そんな完全失業率の高い15才~24才の世代が、働き盛りの35才~44才になった2030年に、日本は65歳以上人口がなんと30%を突破します。3人~4人に1人は老人という想像もつかない世界がほんの20年先にやってくるのです。これはもう避けられない事実です。どんな日本になっているのかそれこそ想像できませんが、一つ断言できるのは「今とは違う」ということです。時間軸を体感することは難しいことですが、確実に時は動いています。1秒1秒と私たち人間は老いていき物は朽ちています。どんなに今が好きであろうと今のままでは在り続けられません。

 

 

明らかに発生するであろう問題があったとして、それに対して無関心であることが最も恐ろしいことだと僕は思います。 別に個人がその問題の解決策を持っていなくてもいい、個人の解決策が誰かと対立したっていい、間違っていたっていい。

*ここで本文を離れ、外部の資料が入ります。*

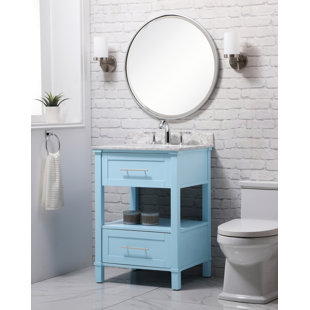 Audrit 25'' Single Bathroom Vanity with Marble Top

とにかく、大衆の少しの関心と、タブーなく議論ができること、これが揃えばまだ日本は捨てたものでないと言えるのではないでしょうか。

 

 

その為に、”一億総中流”という意識を捨てて、必ずやってくる未来を自分の頭で考えること。そして、自分の考えを言葉に表すこと。そんなことを小さい所から取り組んでいこうと思います。

 

 

 

僕は政治と宗教と野球の話がしたい。